··· Records shown

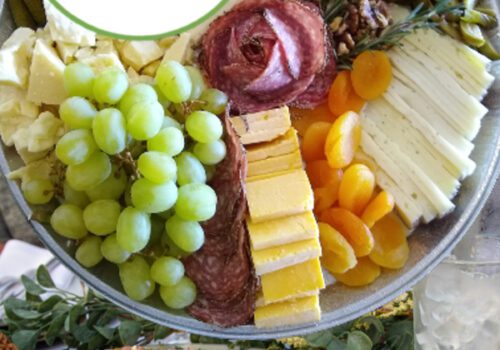 A platter filled with various cheeses, grapes, nuts, dried apricots, and slices of meat sits above a plate of thinly sliced roast beef topped with herbs and onions. The logo reads 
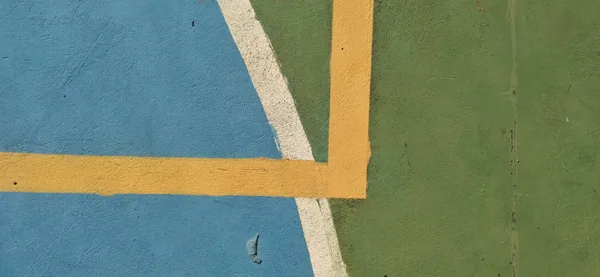 Close-up of a colorful sports ground with abstract lines and vivid colors.
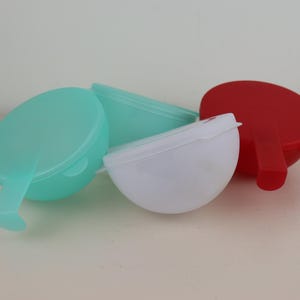 May include: A collection of colorful plastic containers. The containers are in various colors, including teal, white, and red. Each container has a rounded shape with a handle-like extension. The objects are likely for food storage.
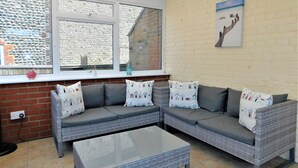 A cozy living room with a grey sectional sofa, a glass coffee table, and patterned cushions. - 1 Orchard Cottages -  a cottage that sleeps 5 guests  in 2 bedrooms (Cromer)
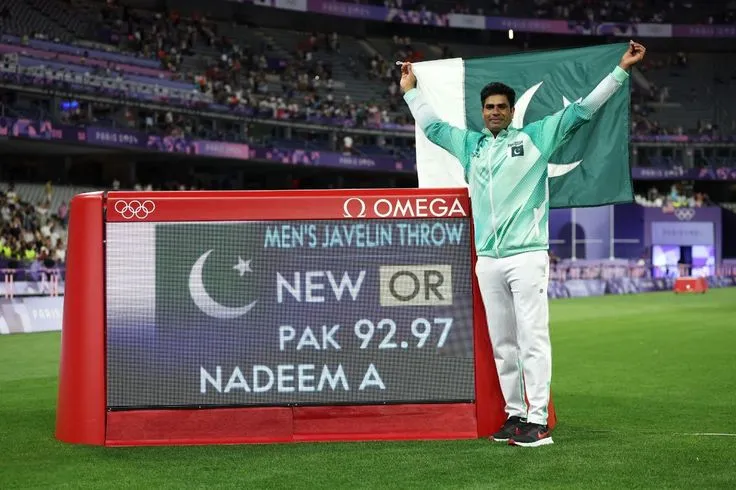 Arshad Nadeem breaking the world javelin record with a powerful throw.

······

**Assignment:**
Pictures are to be excluded; the records themselves are to be reproduced exactly.

**Finished task:**
 A platter filled with various cheeses, grapes, nuts, dried apricots, and slices of meat sits above a plate of thinly sliced roast beef topped with herbs and onions. The logo reads 
 Close-up of a colorful sports ground with abstract lines and vivid colors.
 May include: A collection of colorful plastic containers. The containers are in various colors, including teal, white, and red. Each container has a rounded shape with a handle-like extension. The objects are likely for food storage.
 A cozy living room with a grey sectional sofa, a glass coffee table, and patterned cushions. - 1 Orchard Cottages -  a cottage that sleeps 5 guests  in 2 bedrooms (Cromer)
 Arshad Nadeem breaking the world javelin record with a powerful throw.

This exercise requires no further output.